Chilling in the ‘Dam.

Considering that Amsterdam is the place in the last two weeks where I’ve spent the most time, I have relatively little to say about it. Certainly not for lack of enjoyment, I had a delightful time wandering about with two friends who go way, way back with me. One of them is my travelling friend who first started going on intrepid adventures with me 20 years ago.  We look exactly the same in all our photos, happy, drinks in hand, great scenery …. he takes the pictures, not me.  We’re just a little bit more squashy in the face now.

Basically what I  did for three days was eat, drink, sleep in, go for long walks around the different districts of Amsterdam, stop approximately once an hour to sit at an outdoor cafe to enjoy a refreshing drink, feel relieved that I elected not to go to Anne Frank house (queues were enormous, wrapped around the entire building), looked at art and quirky things, talked non-stop, and narrowly escaped death by bicycle.

During the course of our perambulations we wandered through the red light district, largely for my benefit, being a newbie to Amsterdam.
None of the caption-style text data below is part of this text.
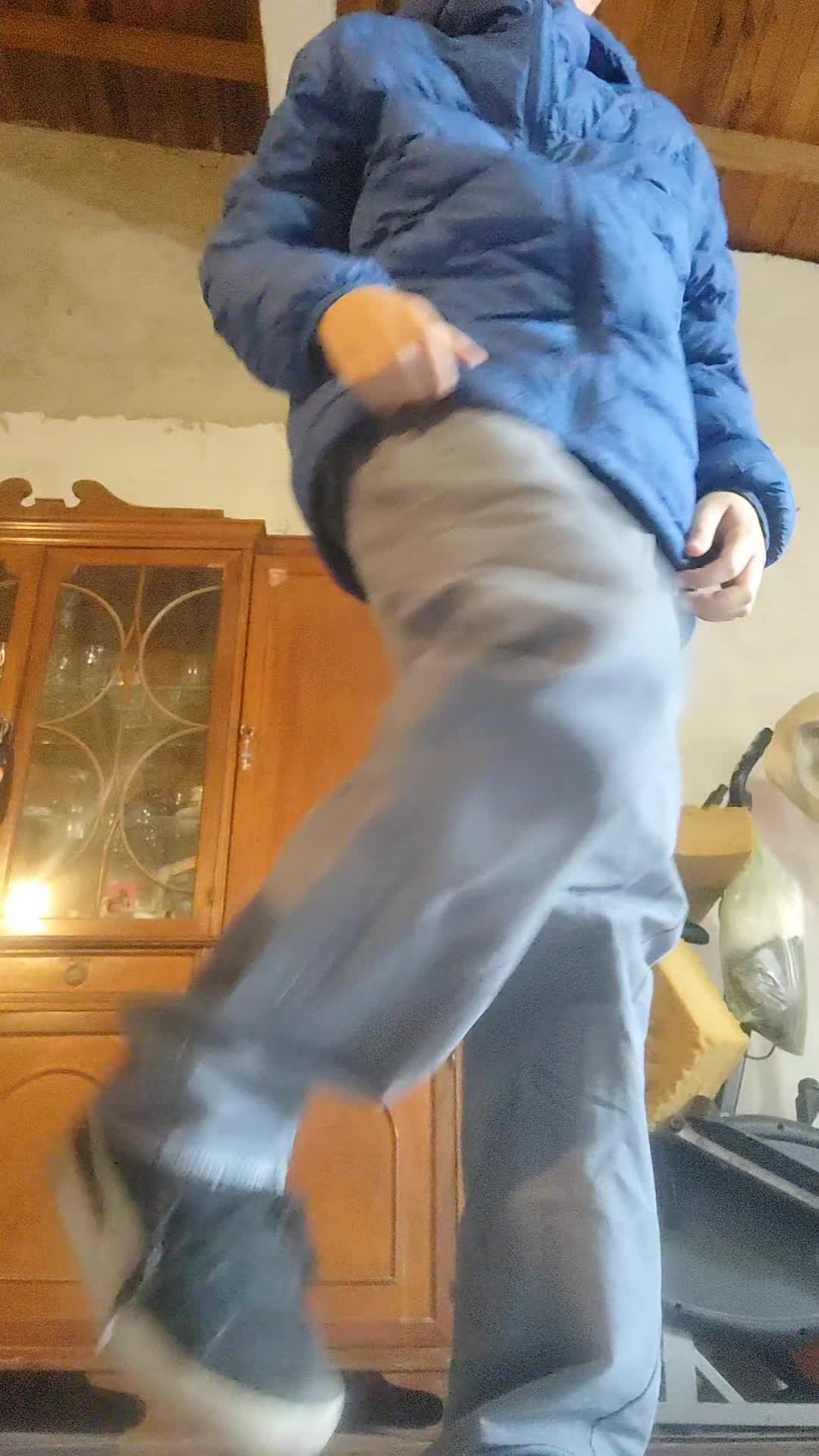 @brunito el enanito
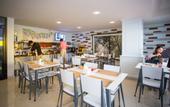 Туры в отель Triple B Boutique Residence
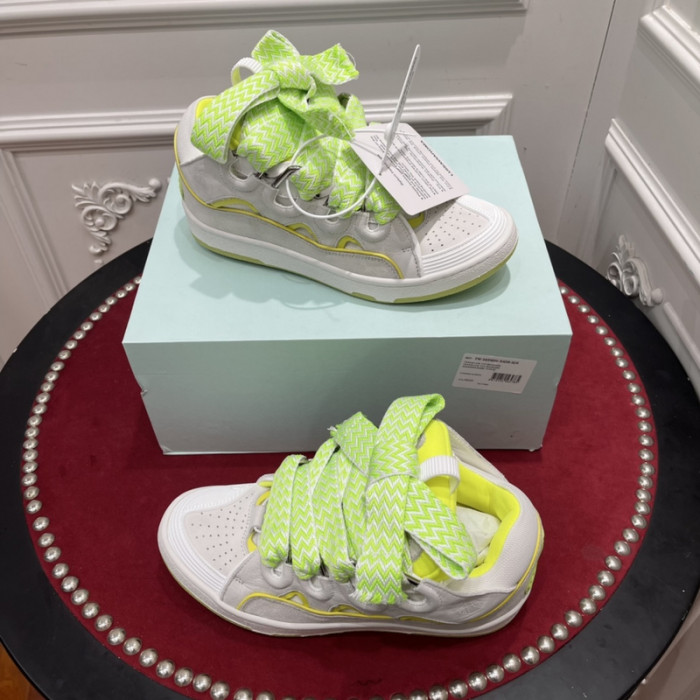 Lanvin × Gallery Department LG000080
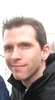 Richard Mccann Photo 13
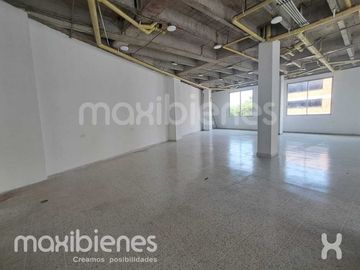 local en arriendo en robledo. Cod A72727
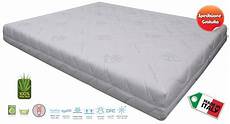 materasso memory opinioni materasso matrimoniale memory onda recensione opinioni materasso memory opinioni materasso matrimoniale memory onda recensione opinioni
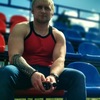 Дмитрий, 28, г.Электрогорск Дмитрий, 28, г.Электрогорск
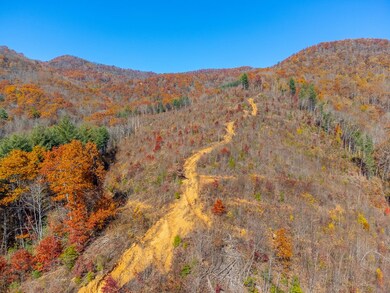 0 Greenway Rd unit 26042740, Sylva, NC 28771 - photo 6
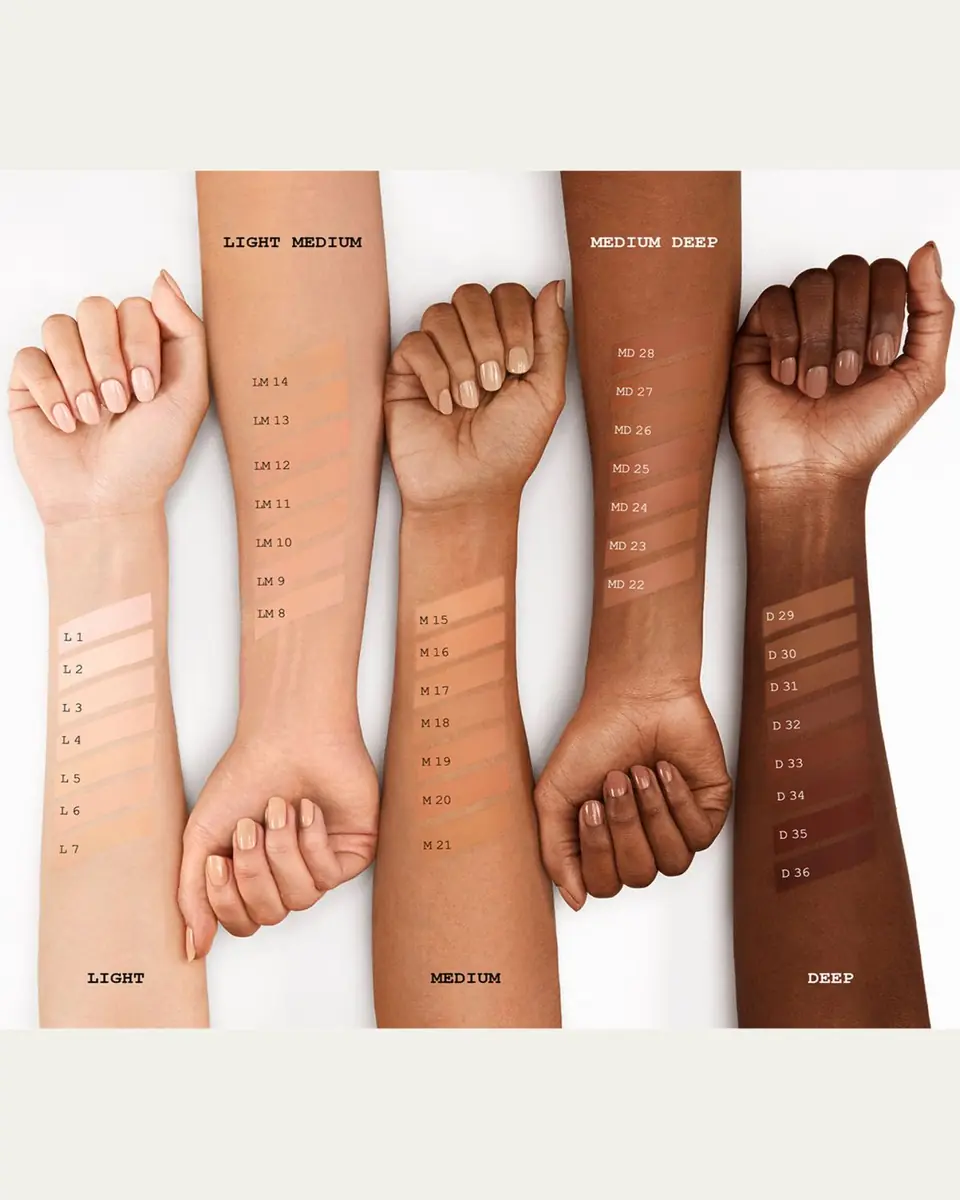 PAT MCGRATH LABS Skin Fetish: Sublime Perfection Concealer, 0.16 oz./ 5 mL | Thumbnail 2 PAT MCGRATH LABS Skin Fetish: Sublime Perfection Concealer, 0.16 oz./ 5 mL | Thumbnail 2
I was expecting a seedy, grotty network of tiny alleyways, but instead I got very pleasant squares and canal side emporiums decorated with cool, funky signs. There was a cosy looking church in the middle of all of it, and a chocolate emporium.  Hasar!  The stores were brightly lit and full of intriguing gadgets, providing ample opportunities for tourists to have an educational experience: “Excuse me sir, what does this do? No, not that one, I can see from the picture that is clearly a cock lock, wait, what did you call it? A cock cage. Right sorry, my mistake. But what’s this one, with the half dozen circles and the screws….I am using my imagination as hard as I can, but I am utterly flummoxed.”

Walking into Joordan, was a welcome relief from the crowds, and home to a number of quirky shops. One of those quirky shops had chocolate tasters out, too late I realised the white chocolate was actually banana chocolate, meh.

My pals spotted a shop that sold nothing but an inventive array of rubber ducks. Rubber duck astronauts, rubber duck Big Ben, rubber duck cartoon characters, rubber ducks in army gear, Duck Vader…. and just round the corner, a shop that sold cows, lots and lots of cows, and a discreet selection of owls for the discerning consumer.   Oddly, the cows looked vastly more expensive than the ducks, luxury cows, glamour cows.

We took night time walks and pictures along the Amstel river and admired the prettily illuminated bridges.  Now here’s something I don’t understand, you’ve got all these big old house boats parked in canals that are next to teeny tiny roads, in between bridges that have teeny tiny tunnels… how exactly do the houseboats get there?  If they’re too big to go under the bridges, and they’re too big to fit down the roads, then what gives?  Are they constructed on those sections of canal and never move again?  Did they wait for really hot summers when most of the water had evaporated and they could squeeze through?  If anyone knows I would genuinely appreciate an answer, and not the one about the bridges being able to open  – those aren’t the bridges I’m talking about, I mean the very low, firmly in place, stone ones.

After all of this easy charm, and my bites sexily turning into curious red – sore- blisters I was ready to get on a train and go to Venice.  It was a bit of a shame then that all the most direct routes through Germany and Austria had been closed, due to the German-Austria border being a bit of a sticky wicket in this time of refugee crisis.  Ah well, back through Switzerland we go!